*** Opening Data ***

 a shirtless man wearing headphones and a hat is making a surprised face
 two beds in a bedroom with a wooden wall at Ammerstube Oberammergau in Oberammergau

*** Closing Data ***
*** Opening Data ***

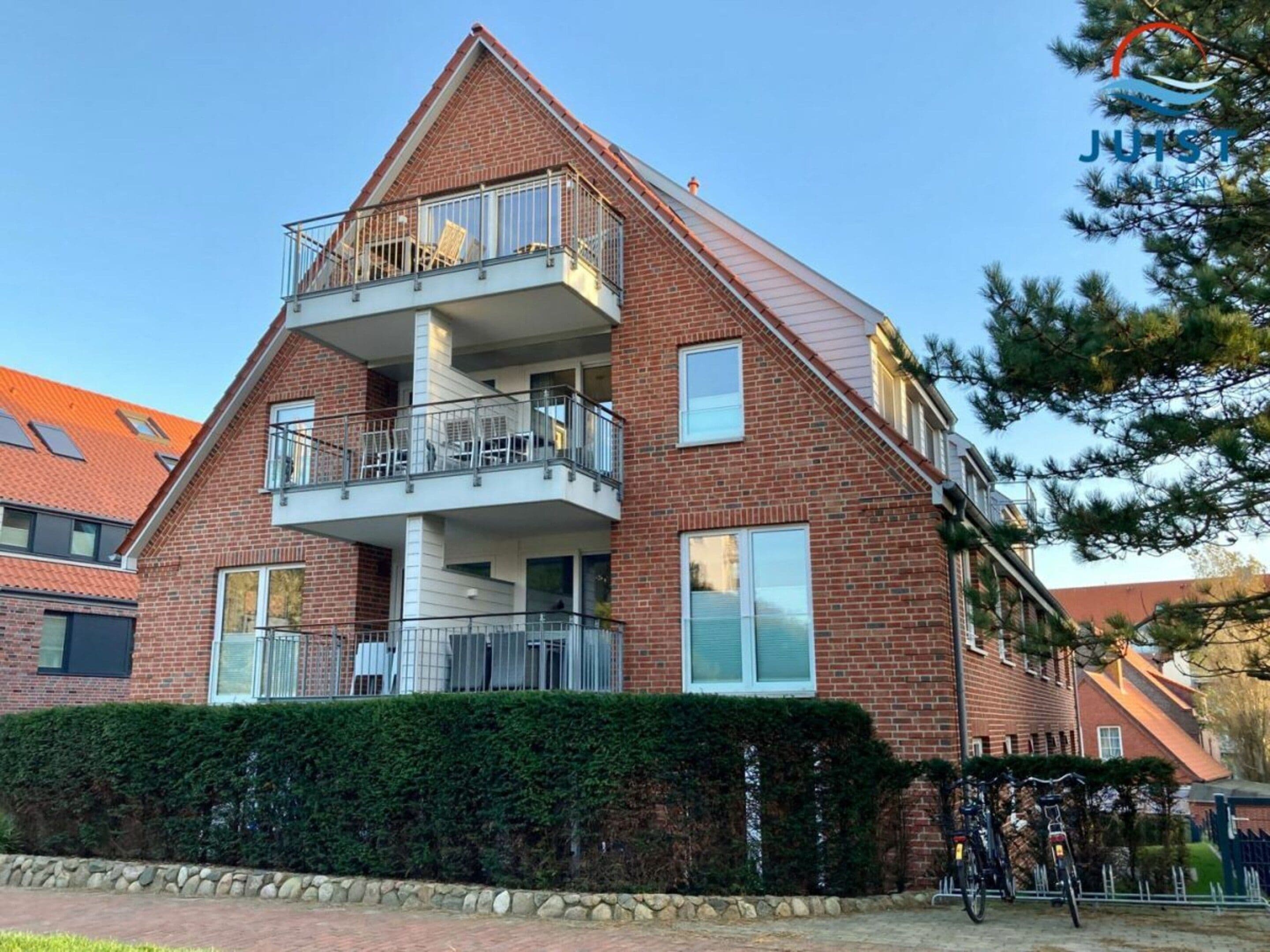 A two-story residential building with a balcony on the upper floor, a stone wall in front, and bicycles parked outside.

*** Closing Data ***

▸ What is expected
Among the entries above, find the line with "a shirtless man" and the line with "two beds in"; give again exactly these two lines and all lines between them.

▸ Exercise result
 a shirtless man wearing headphones and a hat is making a surprised face
 two beds in a bedroom with a wooden wall at Ammerstube Oberammergau in Oberammergau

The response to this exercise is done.